Pominę fakt że pod względem pracy kamery czy montażu wiele serialowi zarzucić nie można, chwilami wręcz ociera się o geniusz (choć nie mówię że serial nie ma wad w innych kwestiach).
Pewno będę widział go w wyśmiewających memach, bo kolejne sezony sobie na szczęście mogę odpuścić po fatalnym (w moim odczuciu) pierwszym.
Wszystko będzie pewne robione pod grę, bo tylko odbiorcom gry serial się podobał.
Bredzisz. Rozumiem że wypowiadasz się za wszystkich. Ciekawe kto ci dał takie prawo.
No fajnie, ale komentarze twoich znajomych oraz użytkowników gola nie są żadnym wyznacznikiem.
Ilu odbiorców tyle opinii.
Ja osobiście ograłem wszystkie części gry, a książki czytałem będąc nastolatkiem.
Serial natomiast bardzo mi się podobał i jedyne co mnie mocno zirytowało to chronologia przedstawionych wydarzeń - jako osoba jako tako znająca książki (minęło sporo wiosen...) ledwie to ogarnąłem, ale nie zazdroszczę osobom nieznających oryginalnej literatury.
Myślę, że fakt, iż książki czytałem dawno temu również wpłynął na mój pozytywny odbiór serialu :)
PRZYPOMINAM iż serial jest adaptacją, a nie ekranizacją i materiał źródłowy nie musi być przełożony w 100% :)
Fakt, chyba w momencie wymieniania różnych stworów przez kogoś ale nie pojawiał się ofiejcalnie.. ehh ostatnio przeczytałem całość przy premierze W2, więc chyba czas powtórzyć całość :)
(: Tak, tutaj parę cytatów się znalazło:
https://wiedzmin.fandom.com/wiki/Leszy/Opisy_z_ksi%C4%85%C5%BCek_i_gier
Potwory byly akurat spoko, nawet ten nieszczesny smok zloty, ktory po smokach z got wygladal jak lysy kurczak. Mnie najbardziej z kwesti wizualnych przeszkadzala sterylnosc planu, zadnych detali, tlo puste jak teatralne deski.
„ Jakiego przeciwnika z gier chętnie zobaczylibyście na ekranie?
Z dzikiego gonu na pewno bies, te cmentarne baby i poroniec.

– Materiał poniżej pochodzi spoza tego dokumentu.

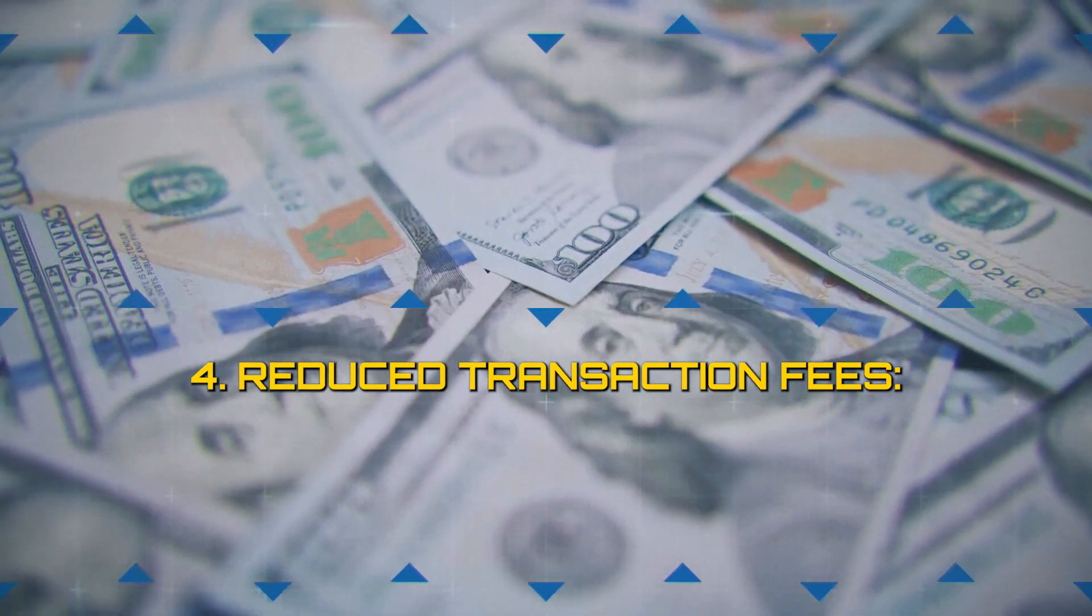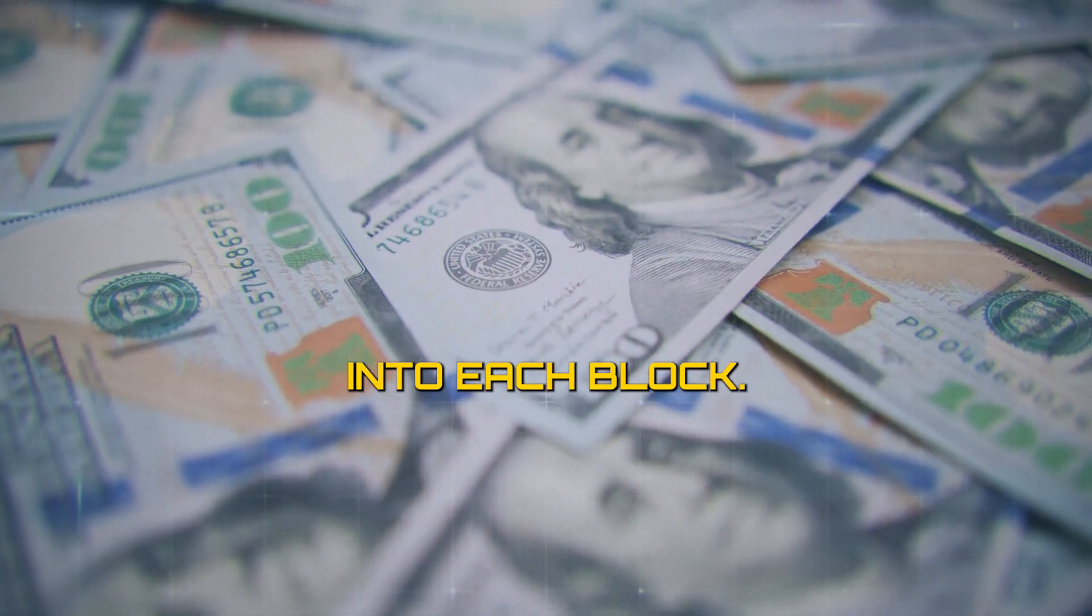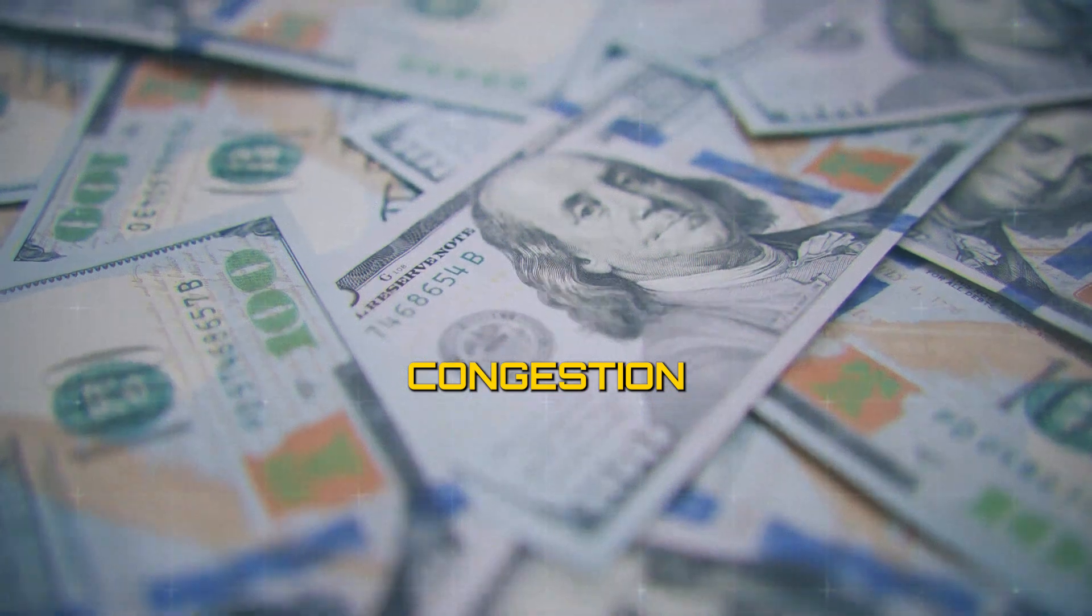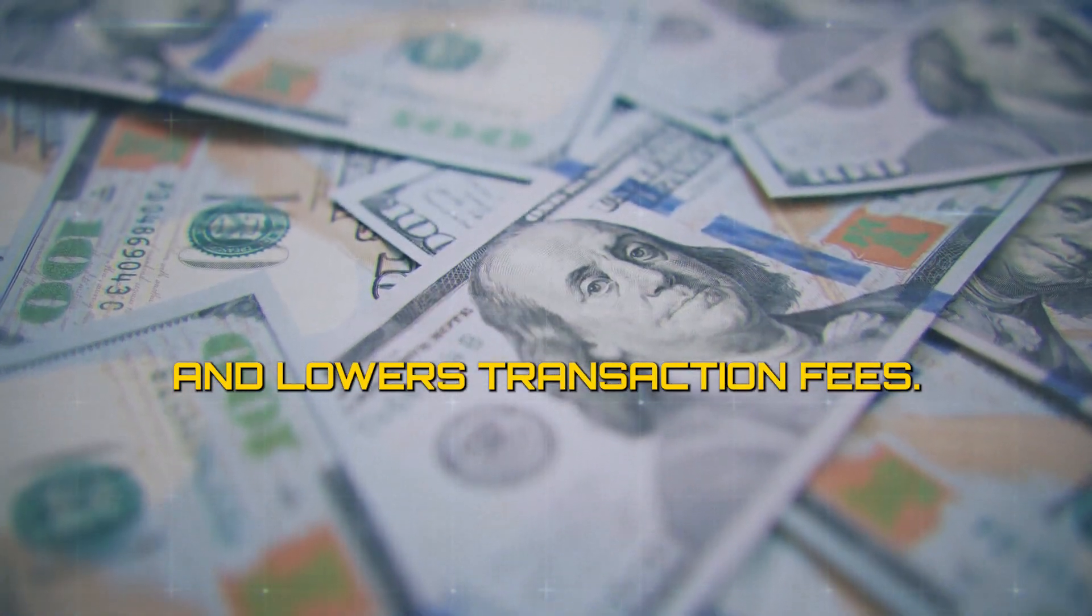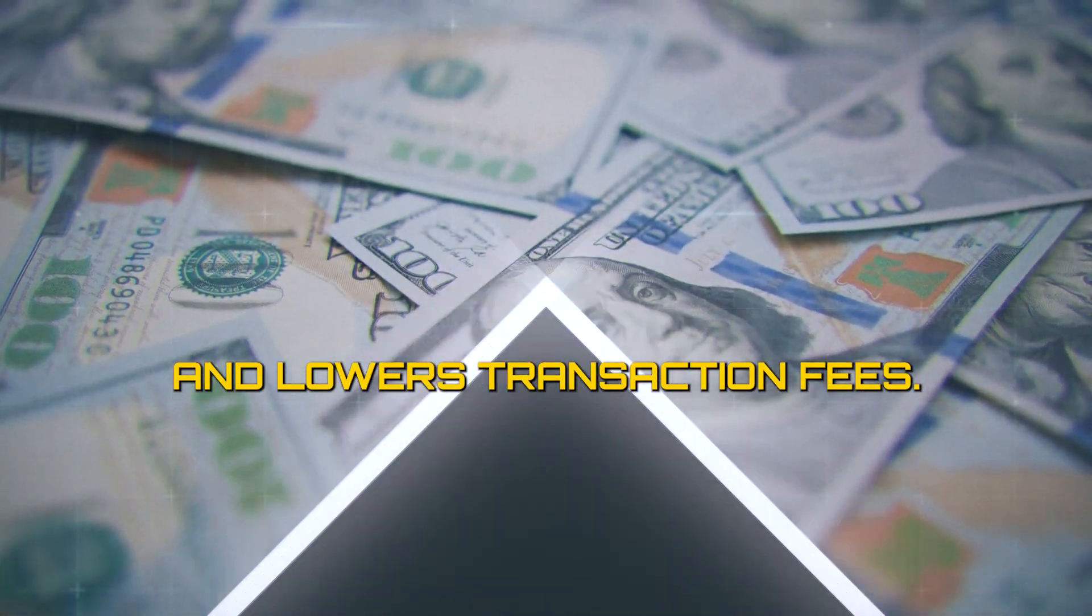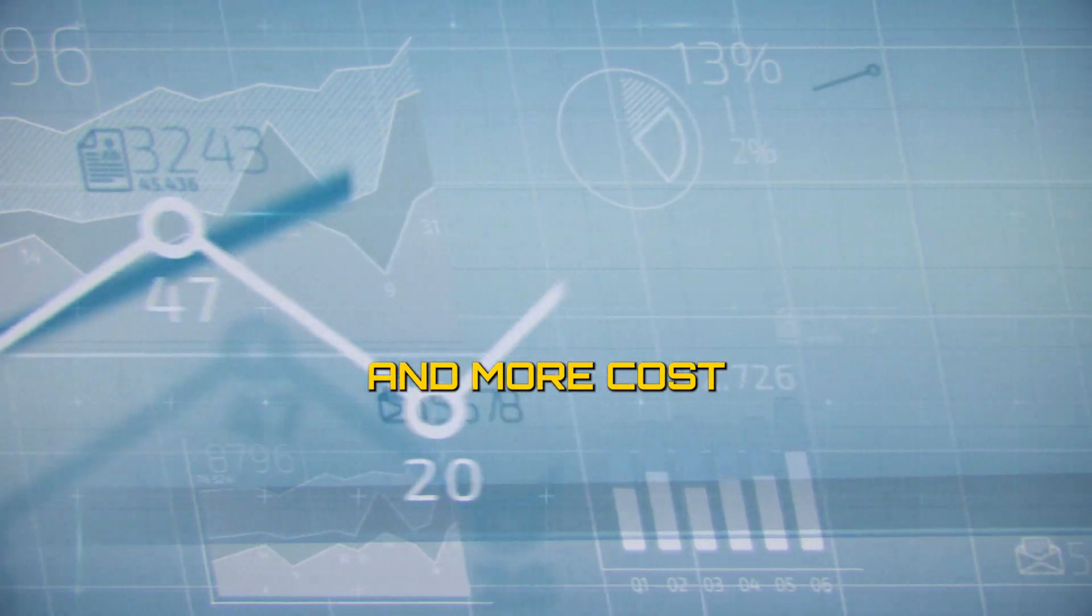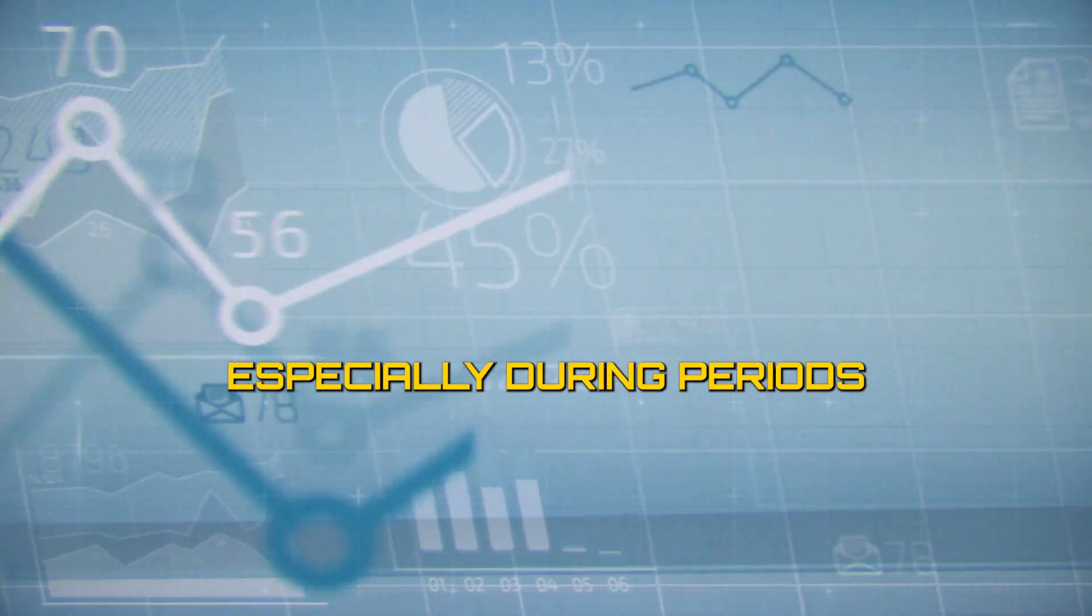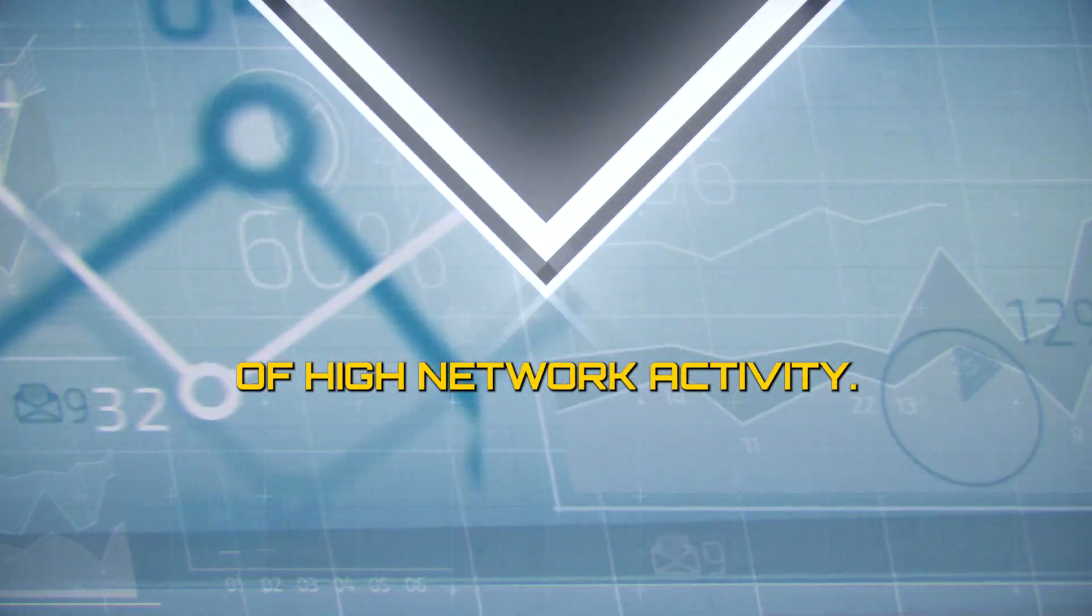Reduce transaction fees. With more transactions fitting into each block, SegWit reduces congestion on the Bitcoin network and lowers transaction fees. Users enjoy faster and more cost-effective transactions, especially during periods of high network activity.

No chyba, że są w serialu, bo nie oglądam. Leszy tez jest dobry, bo w grze robił dobrą atmosferę podczas przechadzki po lesie. Książek o wiedźminie nie czytałem ale bestiariusz w grach jest naprawdę dobry.
"Lepszy leszy w garści niż kikimora na dachu"- stare powiedzenie wiedźmińskie.